A predictable month-to-month income just doesn’t happen for a lot of people. Your financial life could be that of a salesperson on commission, or an entrepreneur just getting a business off the ground, or a freelancer who’s constantly moving from one contract to another. There are lots of reasons for an irregular income. But even if you have one, you can be sure your bills will still arrive on a regular basis and have to be paid. If you want your exciting but unpredictable financial life to take on the consistency that comes with the routine of a steady paycheck — it’s vital to know how to budget with variable income.
Here are five good ways to accomplish that:
1. Add up your monthly expenses
The first thing to figure out is how much you spend each month. Break down your expenses according to whether they are recurring, or one-time. Don’t forget to include your spending on everyday items, or splurges. You want to have a general idea of how much you spend each month. This is the foundation of your budget.

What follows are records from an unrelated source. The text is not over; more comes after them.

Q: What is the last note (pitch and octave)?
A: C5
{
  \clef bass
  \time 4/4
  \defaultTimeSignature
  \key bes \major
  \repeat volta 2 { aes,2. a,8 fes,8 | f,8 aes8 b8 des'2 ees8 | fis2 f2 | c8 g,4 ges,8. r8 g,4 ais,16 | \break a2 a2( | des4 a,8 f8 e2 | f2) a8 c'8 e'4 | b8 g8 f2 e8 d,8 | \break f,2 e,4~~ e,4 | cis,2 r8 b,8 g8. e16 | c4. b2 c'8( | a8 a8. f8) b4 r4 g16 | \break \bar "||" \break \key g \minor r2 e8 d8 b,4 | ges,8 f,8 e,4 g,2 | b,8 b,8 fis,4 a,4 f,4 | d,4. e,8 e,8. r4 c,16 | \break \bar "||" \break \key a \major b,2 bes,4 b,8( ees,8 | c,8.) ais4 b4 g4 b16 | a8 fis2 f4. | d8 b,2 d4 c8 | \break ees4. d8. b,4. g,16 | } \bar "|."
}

A free online budgeting tool, like Mint, can be invaluable in creating your plan and tracking your expenses automatically. You start a free account, provide your checking account information, and the tool tracks the money you spend and categorizes it by the criteria you’ve established. The only thing you’ll need to add manually is your cash expenses. The more automatic your budgeting, the more likely you’ll stick with it.
It’s very important to prioritize your expenses. That way you make sure the most important debits are covered first. Bills, groceries, and debt payments are among the most important spending categories. Once you’ve set these priorities, you’ll know what you set aside dropped from the list if you have a lean month. Know ahead of time what you can cut back on if necessary.
2. Know the sources of your income
You also need to know where your money is coming from. Do you have multiple jobs? If you are self-employed, what percentage of your income is from a specific source? Document your income so that you have an idea of what you earn.
If possible, look at what you made in the last 12 months. Divide that amount by 12. This is a great way to estimate your average monthly income. If you made $48,000 over the last 12 months, your average is $4,000 a month. With a variable income, though, you might earn $5,000 one month, and $2,500 another month. The overall average, though, gives you a solid number to work with.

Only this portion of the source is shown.